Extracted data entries
---+---

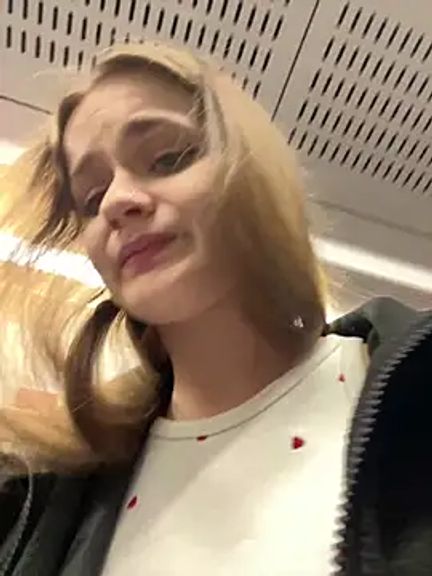KittyQueeny
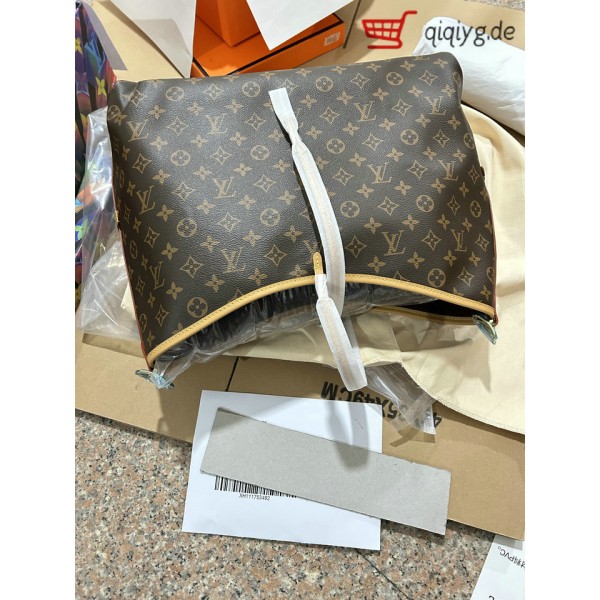 qiqiyg.com Deutschland qiqiyg.de Whatsapp+8618120605182 QI227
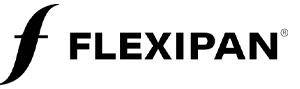 Flexipan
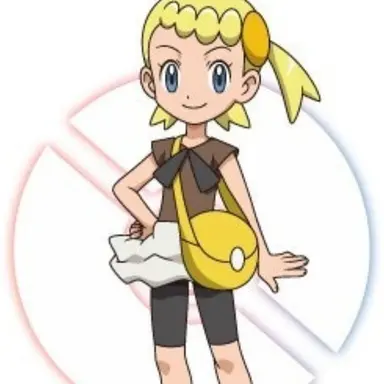 Profile image of 유리카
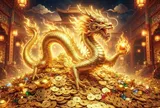 Từ 17/9 đến 25/9: 3 tuổi Trúng Lộc Thần Tài, Giàu Sang Lừng Lẫy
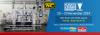 SMC-2000DTC, 2-Layer with View Stripe @ Plastics & Rubber Indonesia 2024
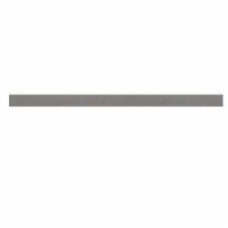 Керамический плинтус Декостайл Dover Beige F PC 60х60 R Mat 1 7x60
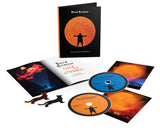 David Gilmour: Live At The Circus Maximus (BLU-RAY)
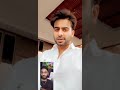 Mankirt Aulakh live video call please video ko like kr dina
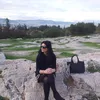talina850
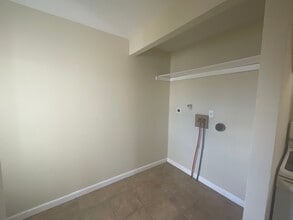 21 Cooley Ave, Unit 2nd Floor in Middletown, CT - Building Photo - Building Photo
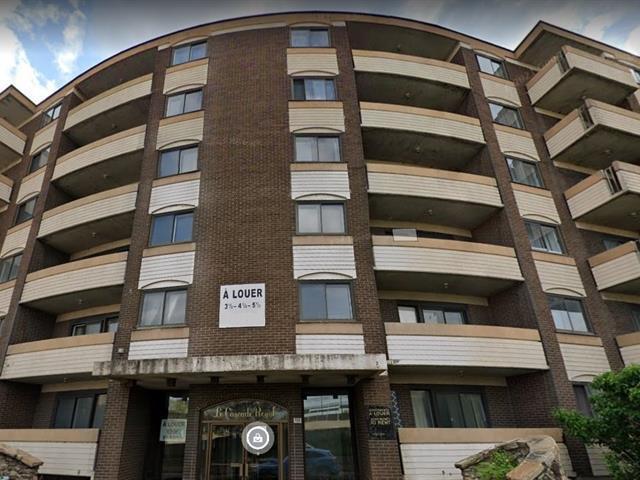 920 Boul Crémazie O, Montréal, QC à vendre Photo principale- Image 1 de 1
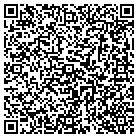 QR code with Knutson's Towing & Recovery contacts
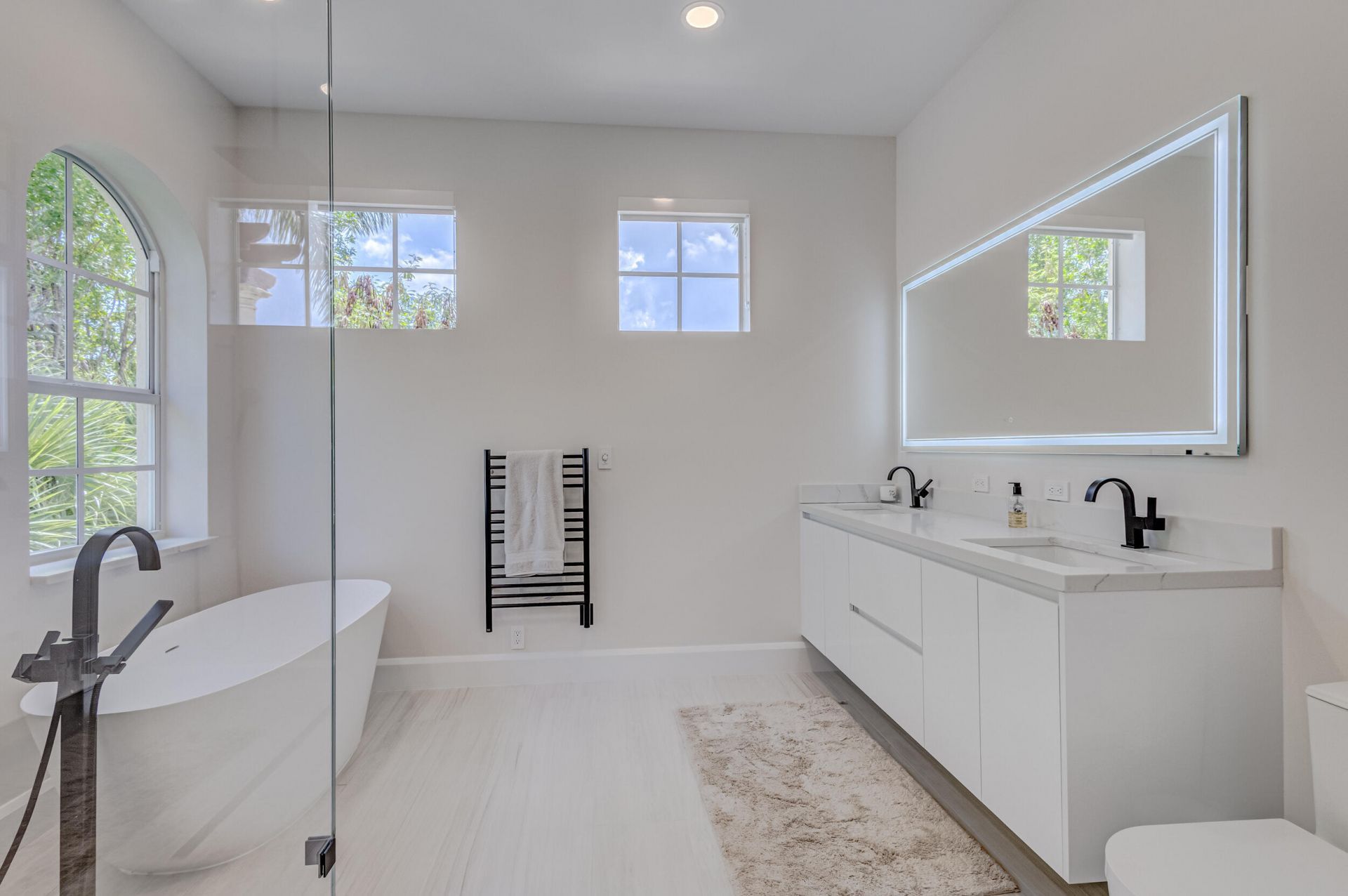 27 Marina Gardens Drive, Palm Beach Gardens, FL 33410 Photo
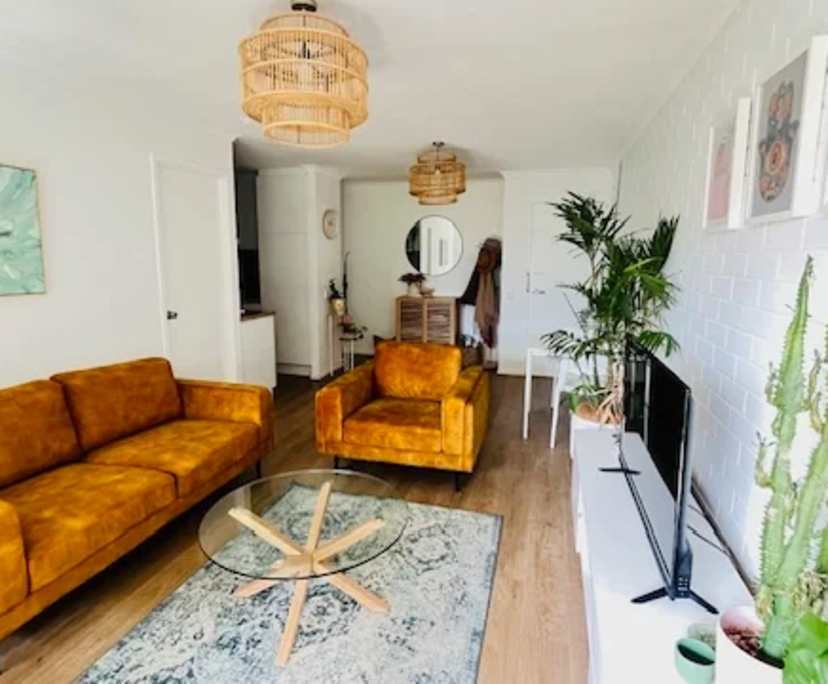 $700, 1-bed, 1 bathroom, Coolangatta QLD 4225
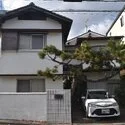 吹田市朝日が丘町 その他画像
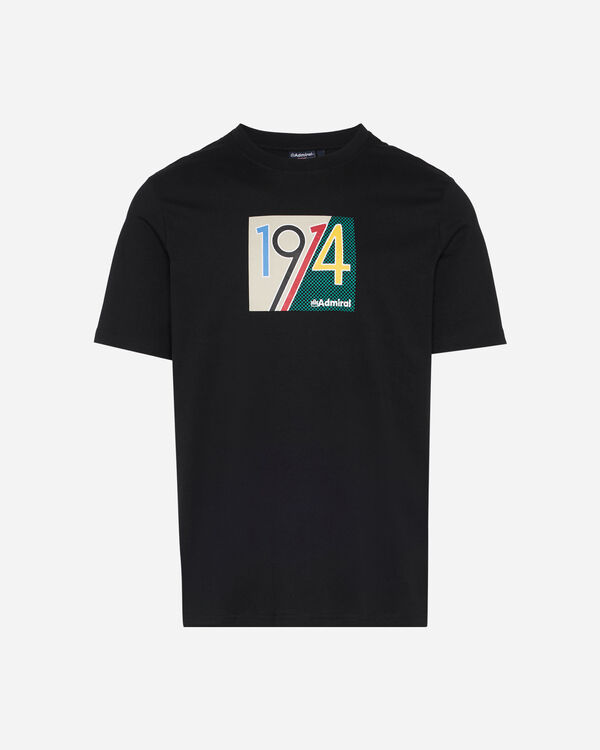 Essential college m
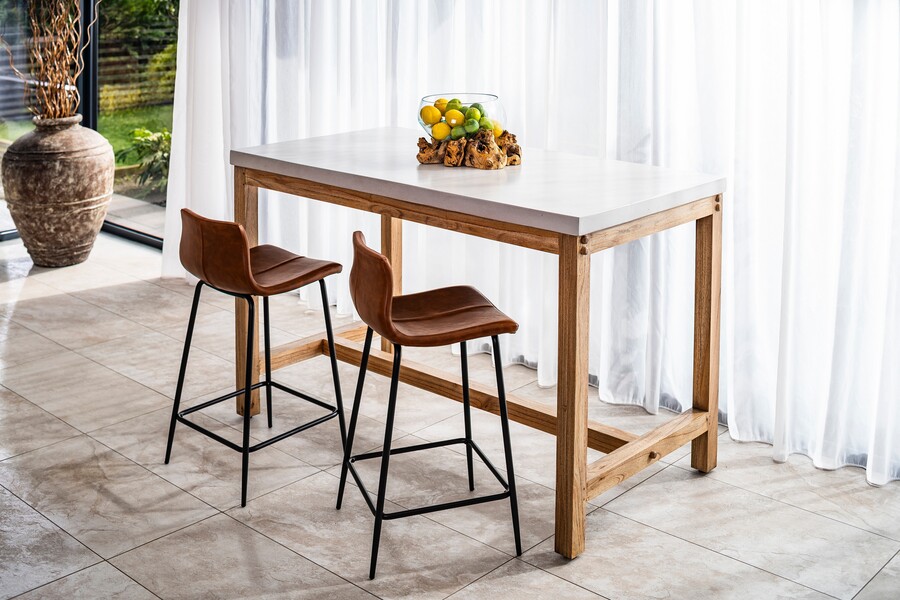 KILN22-COR by Monologue | Style Our Home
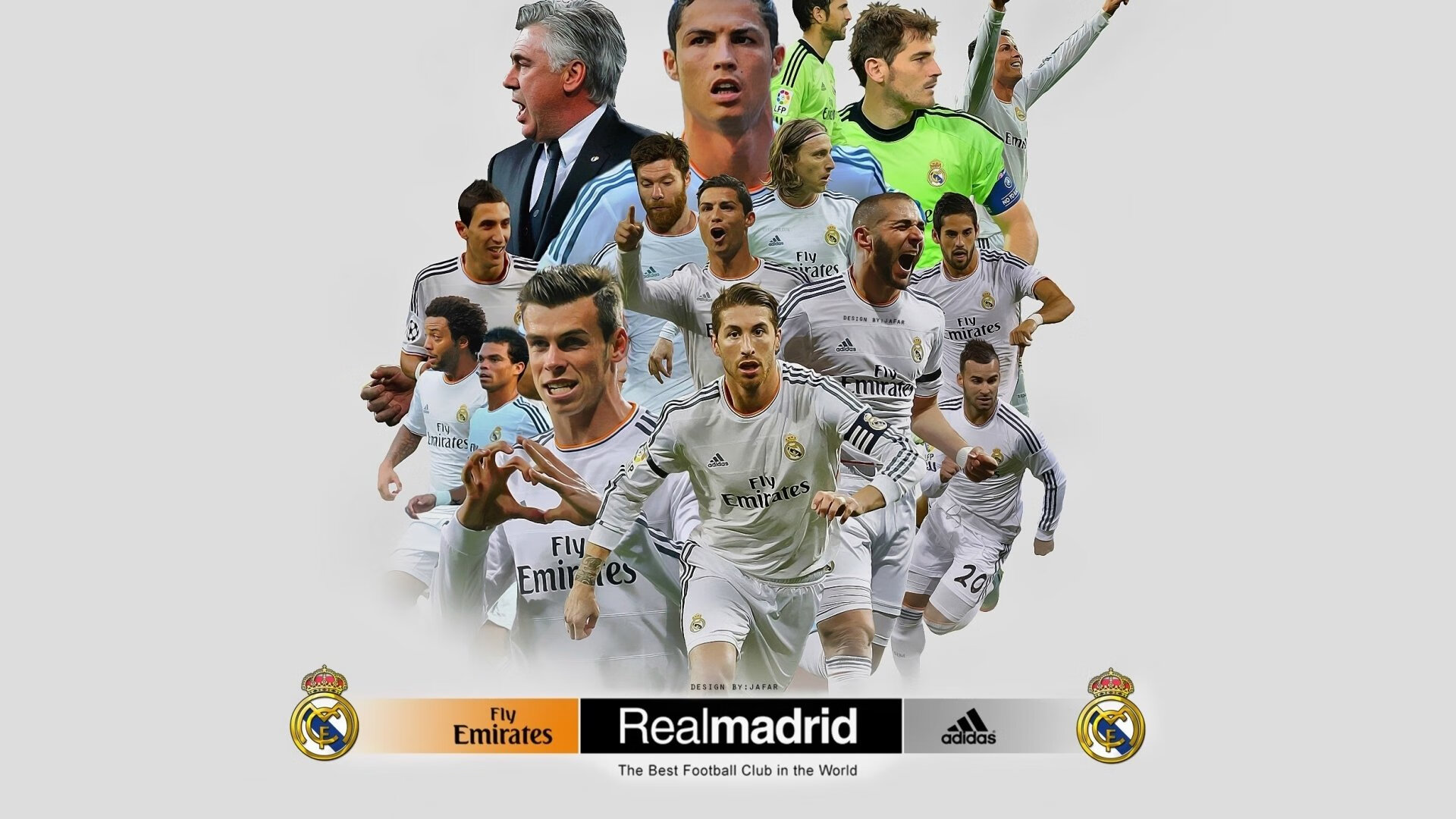 奥运周期关键战之夜,哈兰德关键时刻站出来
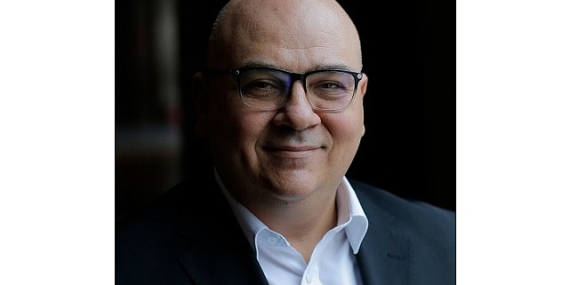 RESAID Projesi kapsamında geliştirilen çevrim içi oyunlar ve dersler tanıtıldı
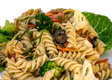 Pasta Salad-EventCateringHouston.com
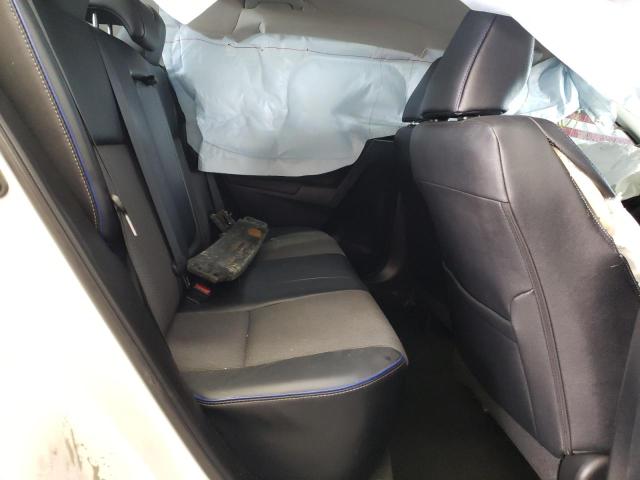 Photo 6 from auction – 2017 TOYOTA COROLLA with VIN 5YFBURHE1HP723911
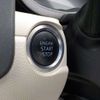 toyota sienta 2022 -TOYOTA 【野田 500】--Sienta 5BA-MXPC10G--MXPC10-1004666---TOYOTA 【野田 500】--Sienta 5BA-MXPC10G--MXPC10-1004666- image 27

---+---

WHAT YOU WILL DO - Beginning with the line that contains "奥运周期关键战之夜,哈兰德关键时刻站出来" and ending with the last line of the data, restate each line word for word. Exclude the pictures.

TASK RESULT -
 奥运周期关键战之夜,哈兰德关键时刻站出来
 RESAID Projesi kapsamında geliştirilen çevrim içi oyunlar ve dersler tanıtıldı
 Pasta Salad-EventCateringHouston.com
 Photo 6 from auction – 2017 TOYOTA COROLLA with VIN 5YFBURHE1HP723911
 toyota sienta 2022 -TOYOTA 【野田 500】--Sienta 5BA-MXPC10G--MXPC10-1004666---TOYOTA 【野田 500】--Sienta 5BA-MXPC10G--MXPC10-1004666- image 27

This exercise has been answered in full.